Та же Западная Украина дает пример настойчивого отторжения Православия народом, которому православное государство пыталось вернуть его былое православное благочестие…

Если народ хранит Православие — значит, Православие есть не более чем часть «этнографического наследия». Вернее было бы сказать иначе: Православием храним народ. Бог милостью Своею терпит нас, и несмотря на все наши беззакония (как личные, так и общенародные), все же не отрекается от нас. И те люди из народа, которые будут держаться Православия, не отступят от него, — они будут сохранены в той самой Церкви, которую славянофилы воспевали как «организм любви». Нет, не народ хранит Православие. Бог, который есть Любовь, долготерпит на нас и сохраняет нас в той Церкви, Которую Он стяжал Своею Кровию (а совсем не нашим «благочестием»). Не народ выступает гарантом благочестия истинной веры, но истинная вера сохраняет этот народ на сверх-языческом уровне духовного развития.

История Церкви знает более чем достаточно примеров, когда народ, сохраняя свое обычное благочестие, тем не менее оказывался вне Церкви, в силу того, что иерархия уклонилась в ересь. После утверждения в Египте монофизитства — заметили ли египетские и эфиопские крестьяне, что их благочестие уже вне Православия? А немецкие и английские простолюдины смогли ли своим благочестием удержать самих себя в Церкви? Заметили ли они сами тот миг, когда европейская церковная иерархия отпала от Православия? Чем благочестие греческих крестьян было выше благочестия крестьян франкских, испанских или италийских? Значит, не от уровня народного благочестия зависело — сохранит ли эта церковная провинция Православие, или же отойдет от него… Само по себе благочестие слишком часто оказывается бессильным и безмолвным перед лицом искажений веры со стороны богословов и иерархов. Только в тех случаях, когда реформаторы неумно вмешиваются в обыденное течение благочестивой жизни — они обращают на себя внимание народа и вызывают его возмущение (отрицанием икон или запретом именовать Марию Богоматерью). Но те изменения вероучения, которые не сказываются прямо и очевидно в течении приходского богослужения, могут пройти вполне незаметно, и «народное благочестие» даже не заметит, что произошла подмена…

При обсуждении этой темы стоит также помнить, что русский народ принял большевизм. История нашей страны показывает, что наш народ дружно голосовал за Ельцина, с энтузиазмом голосовал за Путина, а сколько восторгов вызывал Михаил Сергеевич Горбачев в начале своего правления! Я уж не говорю о всенародном культе Аллы Пугачевой, Кашпировского и прочих «духовных лидеров».
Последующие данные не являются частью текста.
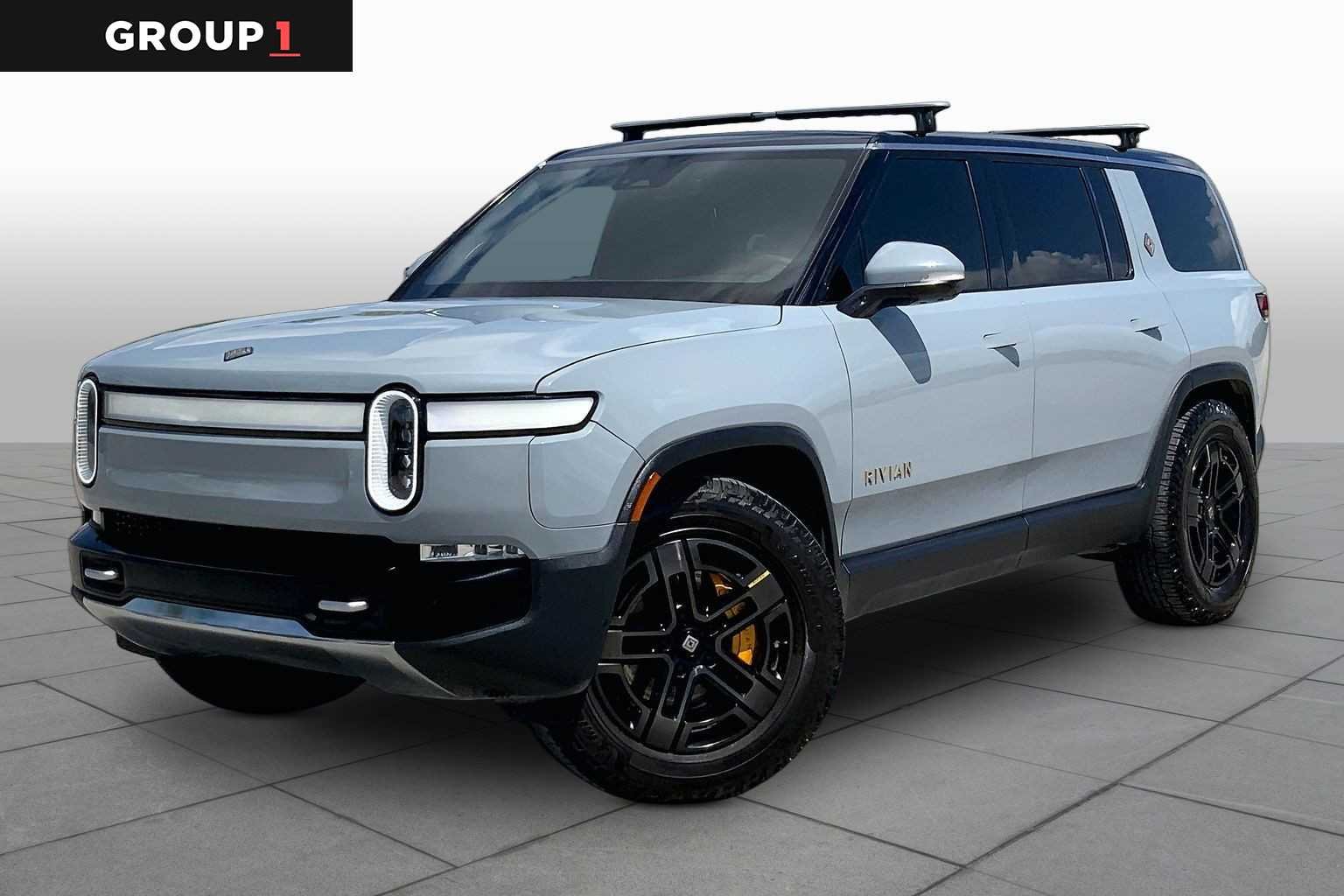 Pre-Owned 2023 Rivian R1S Adventure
Говорить о народе как хранителе благочестия вообще можно было только в эпоху до социологических опросов.

Социологические опросы показывают, что даже наши постоянные прихожане весьма смутно представляют— к неверию во что их обязывает вера в Христа. Опрос, проведенный среди москвичей социологическим центром МГУ, показал, что «в гороскопы верят 26 % православных. Среди христиан верят в колдовство, порчу и дурной глаз — 47 %, в спиритизм — 18 %. Стоит обратить внимание на то, что если в колдовство верят 47 % христиан, то в дьявола только 32 %. Значит, далеко не все считают магические чары пособничеством дьявольских сил. Если сравнивать характеристики сознания «определенно верующих» и «определенно неверующих», то есть, по сути, атеистов, то выясняется, что именно последние в 2–4 раза меньше подвержены влиянию суеверий, оккультизма, сатанизма. Так, соотношение верящих в колдовство среди верующих и атеистов соответственно 57 % и 21 %, в астрологию — 29 % и 15 %, в спиритизм — 25 % и 6 %. Более того, распространенность веры в колдовство среди верующих прямо пропорциональна частоте посещения ими церкви. Так, численность верящих в колдовство, порчу, дурной глаз почти одинакова среди посещающих церковь еженедельно (54 %), 2–3 раза в месяц (59 %), 1 раз в месяц (50 %), 2–5 раза в полгода (54 %); снижается она только среди посещающих церковь довольно редко — 1 раз в полгода и 1 раз в год (соответственно 41 % и 40 %), еще ниже становится среди тех, кто вообще не посещает церковь (31 %), хотя, казалось бы, все должно быть наоборот. Верящих в астрологию, гороскопы также максимальное и почти неизменное число среди наиболее частых прихожан: среди посещающих церковь еженедельно — 34 %; 2–3 раза в месяц — 39 %, 1 раз в месяц — 34 %. Среди тех, кто не ходит в церковь, верящих в предсказания астрологов вдвое меньше — 16 %. Тот факт, что распространенность суеверий и оккультизма среди верующих прогрессирует по мере увеличения частоты посещения ими церкви, свидетельствует о слабом влиянии духовенства даже на постоянных прихожан, которые выходят из храма с теми же заблуждениями, что и пришли»[901].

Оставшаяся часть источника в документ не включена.